Much of the novel rests on two characters: Opposition politician Nara Oxham and military hero Laurent Zai.  Ironically enough, neither of them actually meet during the story aside from a few flashbacks: Zai is the point man of the Empire’s forces on a small backwater planet during an enemy attack, while Oxham has a privileged outlook on the political fallout of that attack.  Several characters surround them and tell their part of the story, from various men and women under Zai’s command to an enemy agent dropped behind the Empire’s lines.

It’s a measure of Westerfeld’s contemporary genre-awareness that Empire and its Rix opponents are evenly matched in our affections:  While the ultra-optimized Rix is portrayed as being contrary to everything our protagonists’ Empire stands for, the Empire itself doesn’t seem particularly appealing from the get-go.  This ends up placing our affections with the characters rather than their social structure, a distinction that a number of space-opera writers can’t be bothered to study.  It’s also a good choice given how much emphasis is placed on the characters themselves.  The last line of the story makes it clear that this is, aside its military SF language, a romance.

But Succession does stand on its own as a hard-tech Science Fiction story:  Westerfeld’s use of contemporary infotech jargon can be as good as his contemporary Charles Stross (high praise indeed) and the showpiece of the story ends up being a meticulously conceived, impeccably presented space battle between two ships that owes practically nothing to naval battles of the past.  It doesn’t make complete sense (there’s a “run silent” scene that evokes bad memories of “stealth in space”), but it’s a lot of fun to read, and the detail in which blows are described will warm the heart of the techno-geeks readers.
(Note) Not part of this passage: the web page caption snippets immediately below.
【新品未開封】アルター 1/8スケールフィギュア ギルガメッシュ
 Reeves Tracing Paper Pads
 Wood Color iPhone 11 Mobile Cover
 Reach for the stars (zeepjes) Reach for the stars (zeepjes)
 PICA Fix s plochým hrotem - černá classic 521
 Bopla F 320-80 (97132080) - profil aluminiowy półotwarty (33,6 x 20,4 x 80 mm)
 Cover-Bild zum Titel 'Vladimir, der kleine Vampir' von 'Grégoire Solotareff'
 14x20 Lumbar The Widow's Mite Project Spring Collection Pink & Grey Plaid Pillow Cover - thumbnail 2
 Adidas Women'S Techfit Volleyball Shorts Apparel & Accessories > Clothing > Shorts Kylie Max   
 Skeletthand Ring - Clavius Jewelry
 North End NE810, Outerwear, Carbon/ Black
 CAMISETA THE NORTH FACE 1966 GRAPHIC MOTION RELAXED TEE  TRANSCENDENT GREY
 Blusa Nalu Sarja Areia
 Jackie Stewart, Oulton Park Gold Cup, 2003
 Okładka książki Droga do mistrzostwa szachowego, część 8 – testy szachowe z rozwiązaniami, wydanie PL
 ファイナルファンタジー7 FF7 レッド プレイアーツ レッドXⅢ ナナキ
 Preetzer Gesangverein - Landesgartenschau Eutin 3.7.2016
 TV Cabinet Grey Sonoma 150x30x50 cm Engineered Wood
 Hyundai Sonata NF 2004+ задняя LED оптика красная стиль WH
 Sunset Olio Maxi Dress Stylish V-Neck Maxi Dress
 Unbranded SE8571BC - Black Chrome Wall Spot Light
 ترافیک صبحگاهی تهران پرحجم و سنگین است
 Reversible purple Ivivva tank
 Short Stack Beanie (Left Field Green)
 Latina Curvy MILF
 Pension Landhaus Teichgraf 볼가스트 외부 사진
For everyone else (and overlapping sets of readers), Succession is a good story presented in the overblown style of grandiose space-opera.  Numerous gadgets, clean prose (albeit with a sense of humor) and a conclusion that doesn’t quite wrap up all the threads end up making a clear case for Westerfeld’s return to this universe.  If you’ve missed Succession so far, it’s worth a look: It holds up admirably well half a decade later, and it may even drive you to read some of Westerfeld’s novels for the younger generation.